=== Task data ===
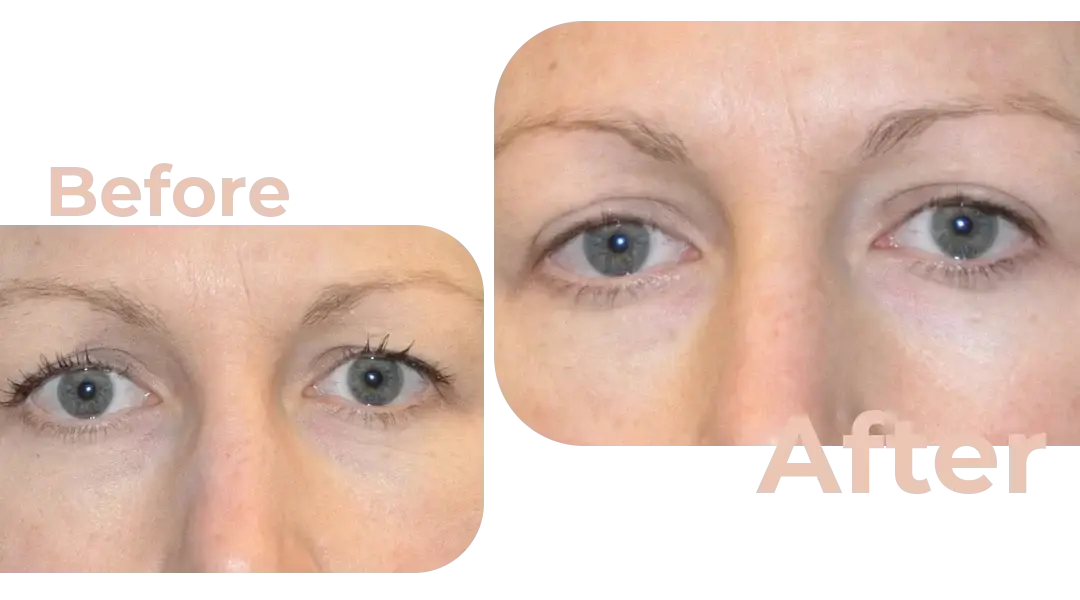 Eyelid Surgery (Blepharoplasty) in Istanbul, Turkey by Avicenna Hospital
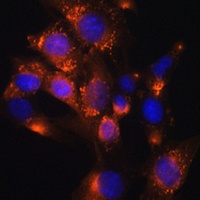 Adipophilin Rabbit Polyclonal Antibody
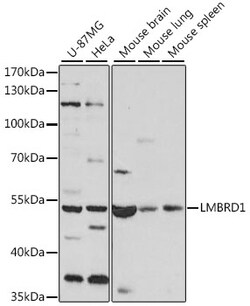 ABclonal Technology&nbsp;LMBRD1 Rabbit pAb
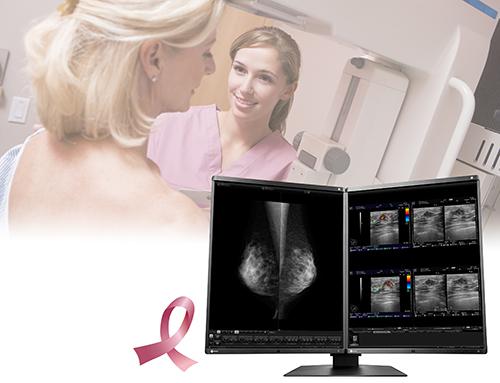 Eizo RadiForce RX560 Monitor Receives FDA 510(k) for Tomosynthesis and Digital Mammography
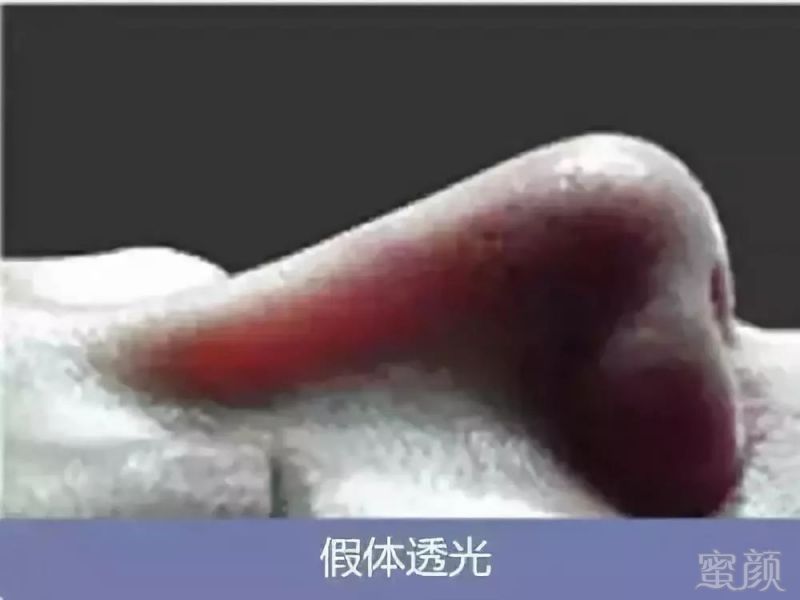 https://img.miyanlife.com/mnt/timg/180617/12410G1H-15.jpg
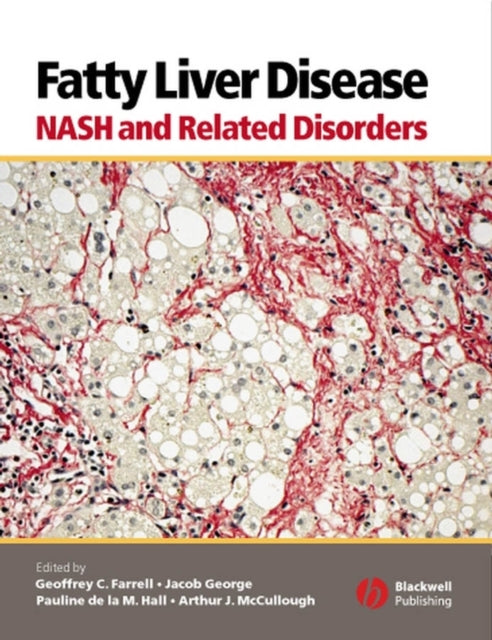 Book cover of: Fatty Liver Disease. By: Jacob George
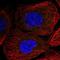 T-cell leukemia homeobox protein 2 antibody, NBP1-83973, Novus Biologicals, Immunocytochemistry image 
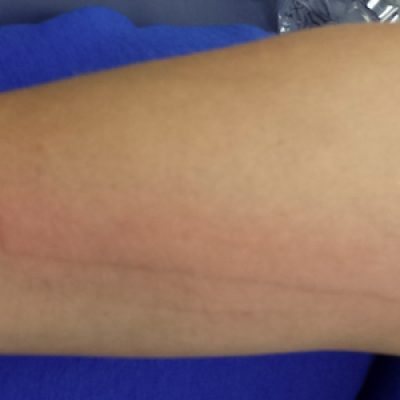 Clinical Challenge: White Scratch Marks on Leg - MPR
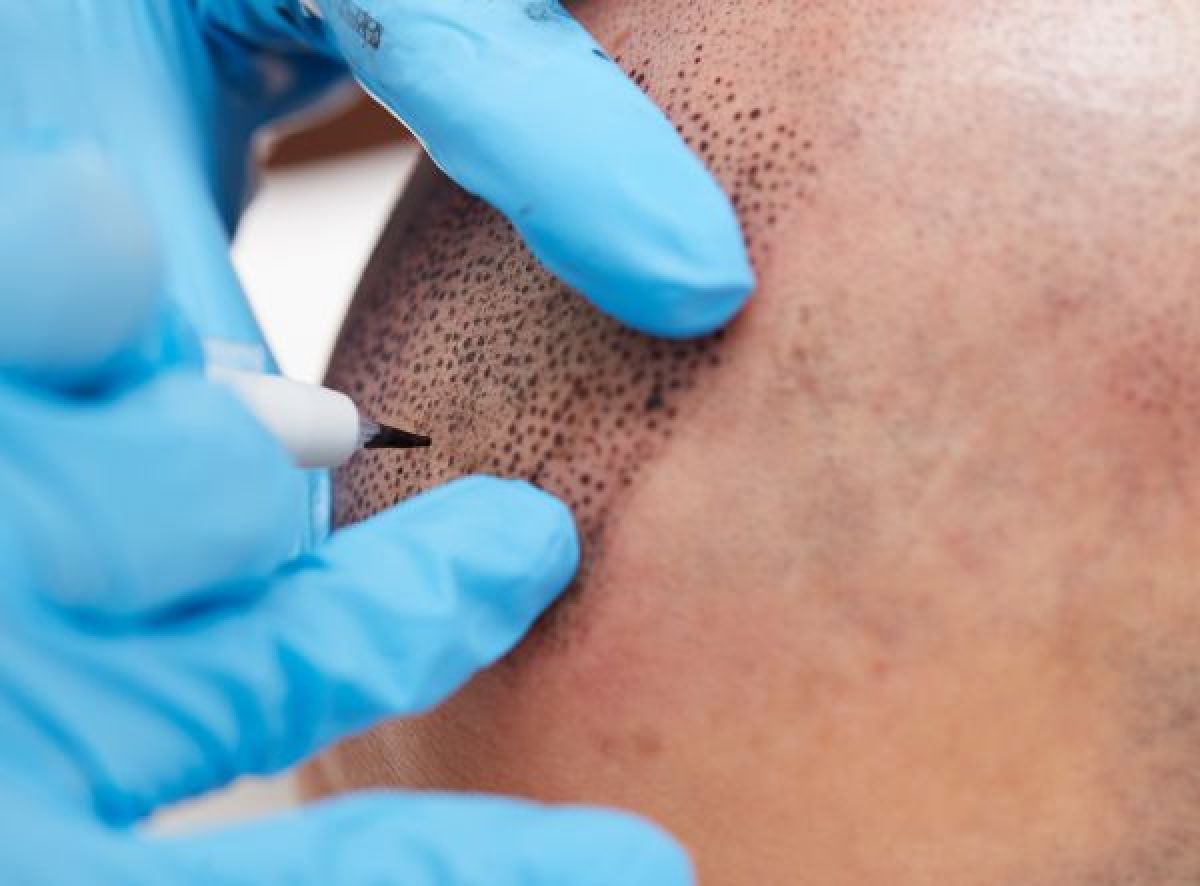 Tricopigmentation du cuir chevelu à Antibes (06) Par Rachelle - Estheca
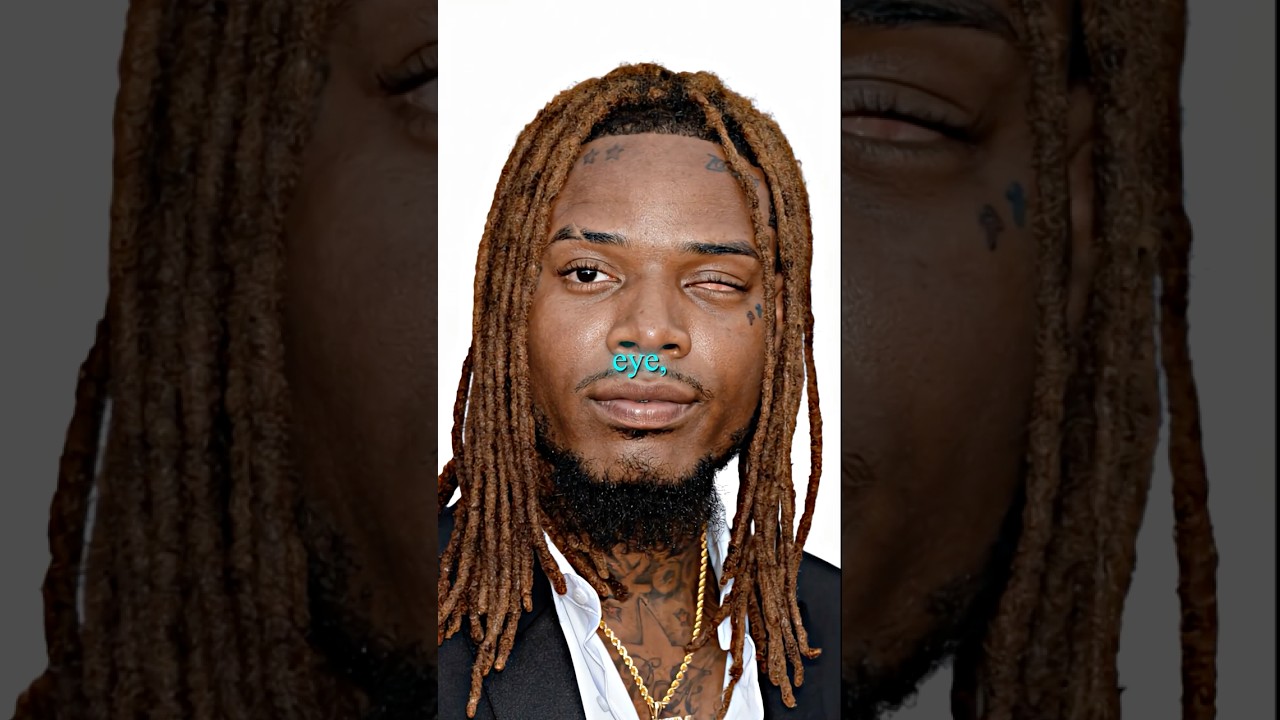fetty wap almost lost both eyes? 🥺💔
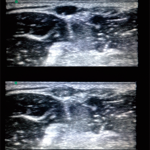 Figure 9. While there is not enough compression here to collapse the vein, there is enough to compress soft tissue. 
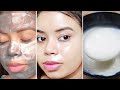 Super GLOSSY SKIN at Home | I used these 3 steps on my skin & it removed Dark Spots, Pigmentation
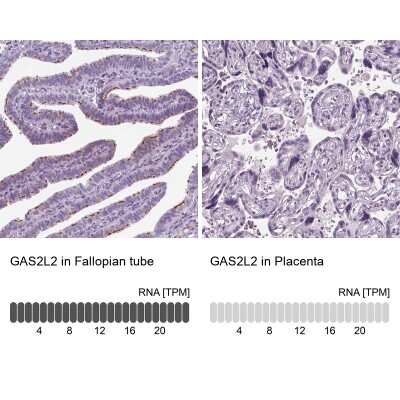 Immunohistochemistry-Paraffin: GAS2L2 Antibody [NBP2-32029]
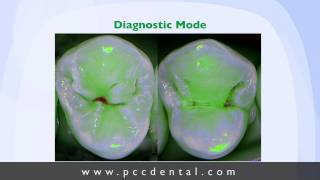 Ask Gordon caries detector for occlusal caries [upl. by Hiasi96]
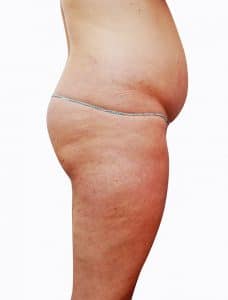 Unwell women with cellulite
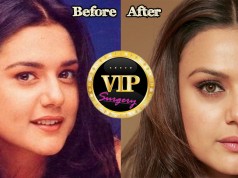 Preity Zinta plastic surgery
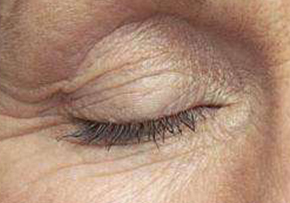 注射除皱术后护理指南：洗头时间与注意事项解析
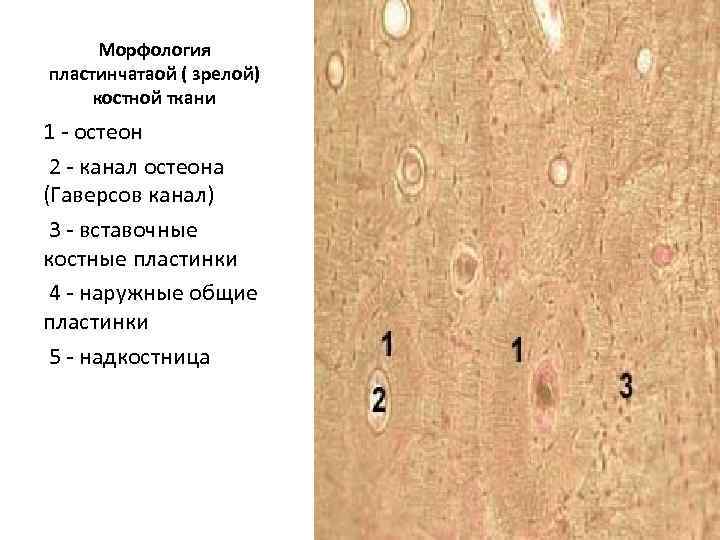 Морфология пластинчатаой ( зрелой) костной ткани 1 - остеон 2 - канал остеона (Гаверсов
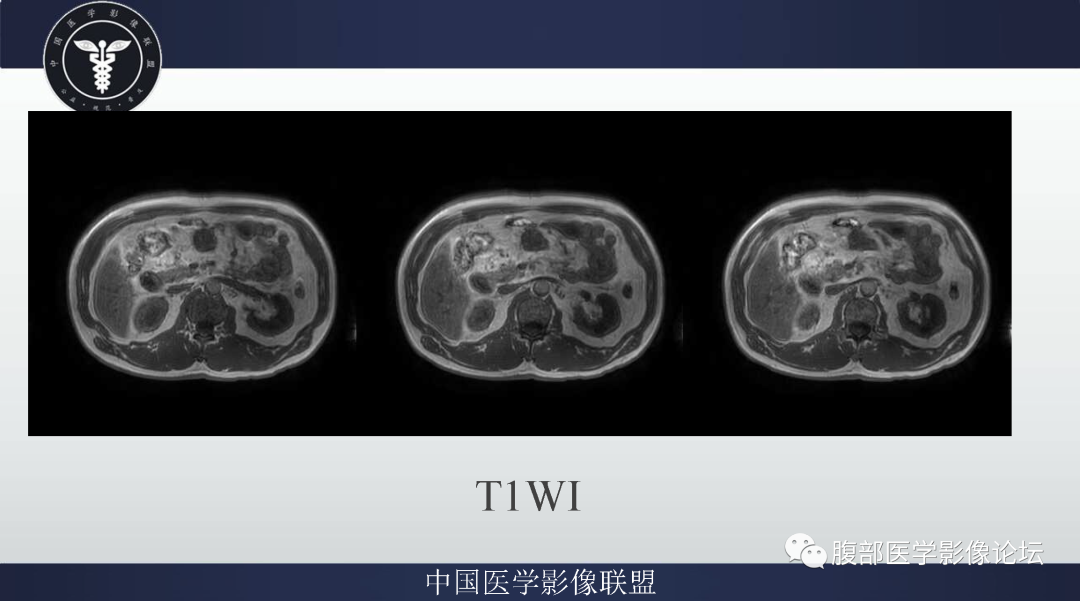影像PPT - 【病例】肠系膜侵袭性纤维瘤病1例MR影像-3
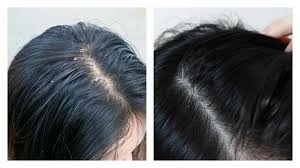 生髮9.jpeg 生髮9.jpeg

=== What to produce ===
Leaving out the pictures, restate word for word the lines above from the one containing "Ask Gordon caries" through the end of the records, both ends included.

=== Task response ===
 Ask Gordon caries detector for occlusal caries [upl. by Hiasi96]
 Unwell women with cellulite
 Preity Zinta plastic surgery
 注射除皱术后护理指南：洗头时间与注意事项解析
 Морфология пластинчатаой ( зрелой) костной ткани 1 - остеон 2 - канал остеона (Гаверсов
影像PPT - 【病例】肠系膜侵袭性纤维瘤病1例MR影像-3
 生髮9.jpeg 生髮9.jpeg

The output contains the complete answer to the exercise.